# ABOUT THIS EXERCISE
Restate the records below exactly. Pictures are not part of the copy.

# GIVEN INFORMATION
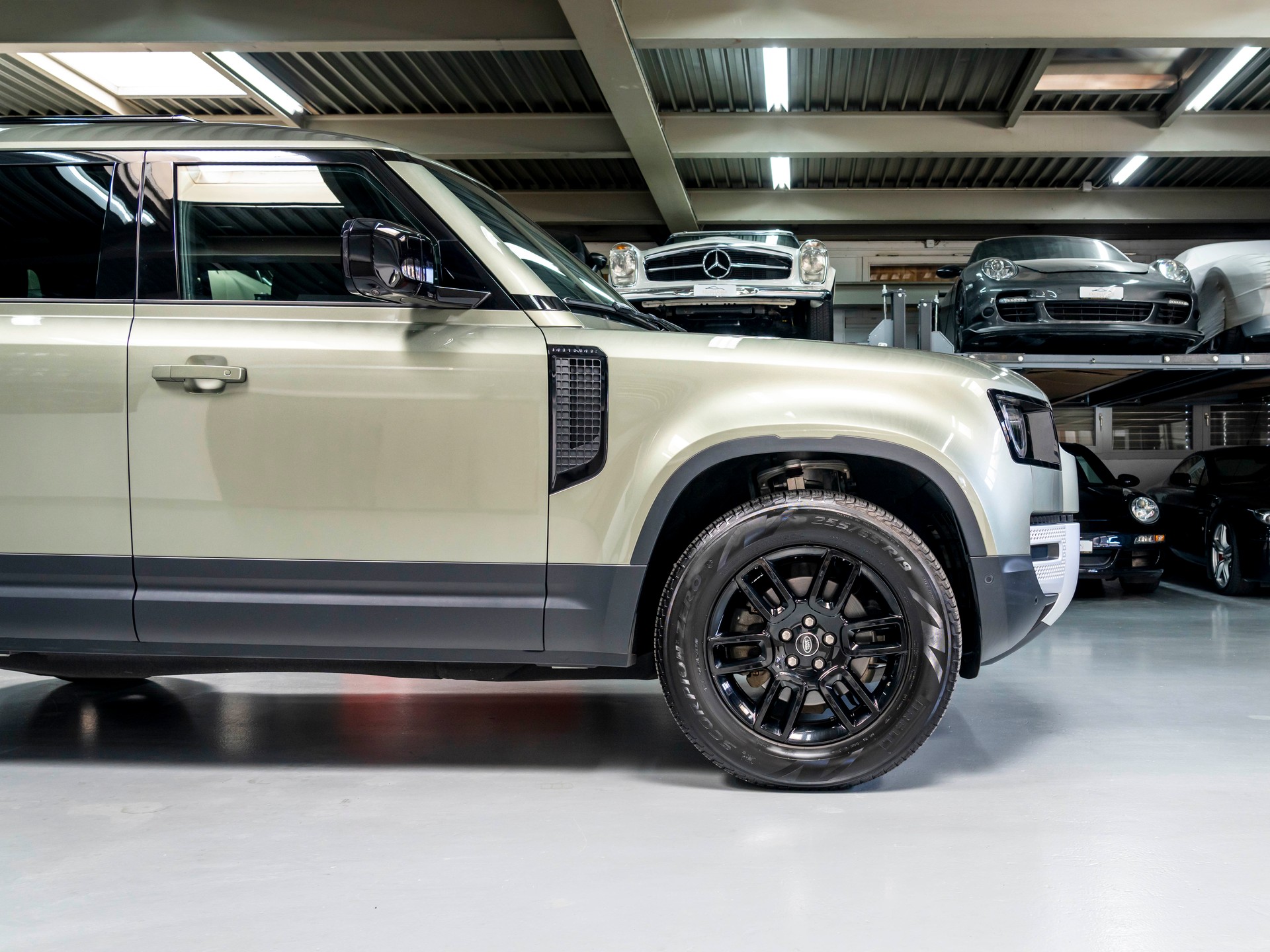 LAND ROVER Defender 110 3.0 D I6 250 S AWD AT8-image-14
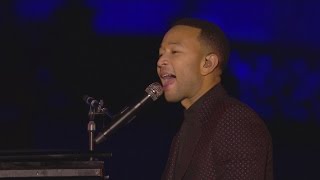 Download lagu John Legend performs Beauty and the Beast at 25th anniversary of Disneyland Paris mp3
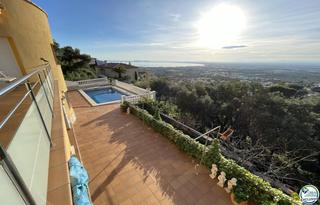 Casa  Alacant. Villa con vista al mar y piscina en la tranquila zona de mas fum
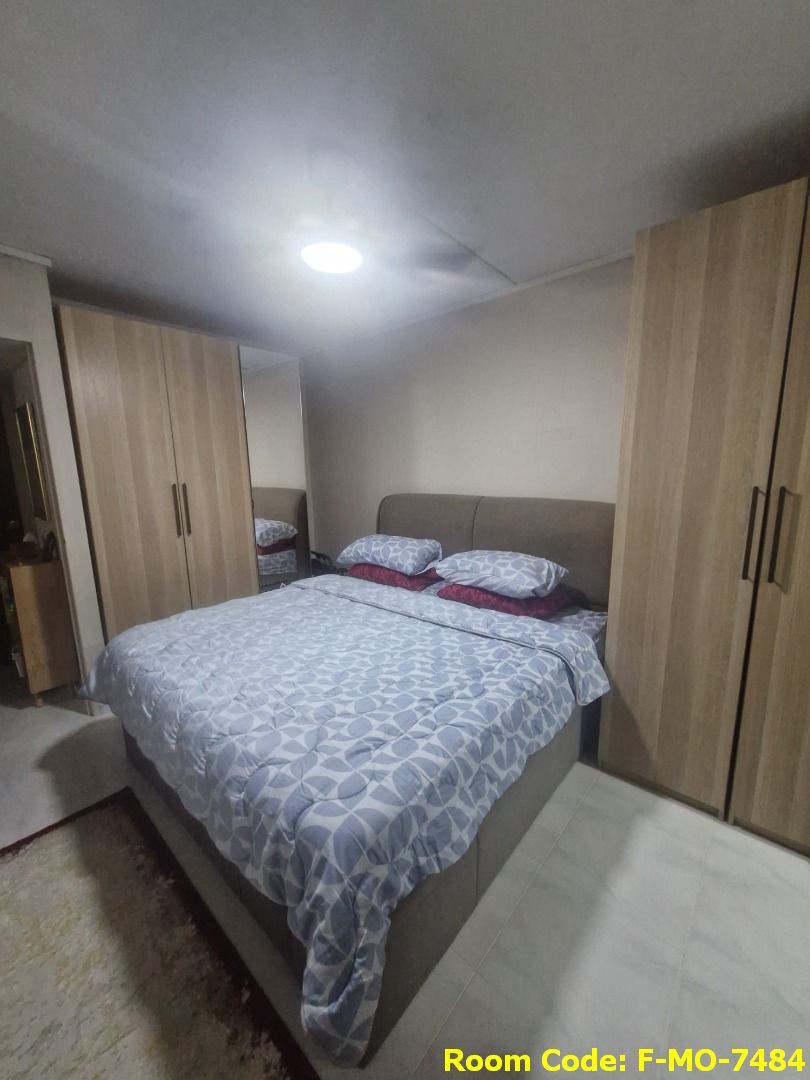 Woodlands MRT Master Room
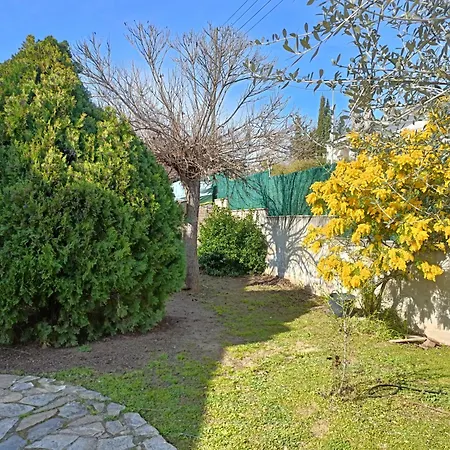 Casa Con Jardin Y Piscina Privada.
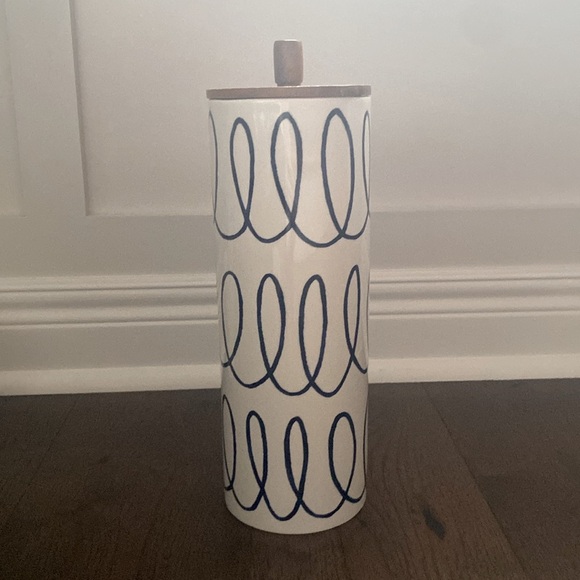 Kate Spade Charlotte Street Tall Canister - Picture 3 of 5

# EXERCISE OUTPUT
 LAND ROVER Defender 110 3.0 D I6 250 S AWD AT8-image-14
 Download lagu John Legend performs Beauty and the Beast at 25th anniversary of Disneyland Paris mp3
 Casa  Alacant. Villa con vista al mar y piscina en la tranquila zona de mas fum
 Woodlands MRT Master Room
 Casa Con Jardin Y Piscina Privada.
 Kate Spade Charlotte Street Tall Canister - Picture 3 of 5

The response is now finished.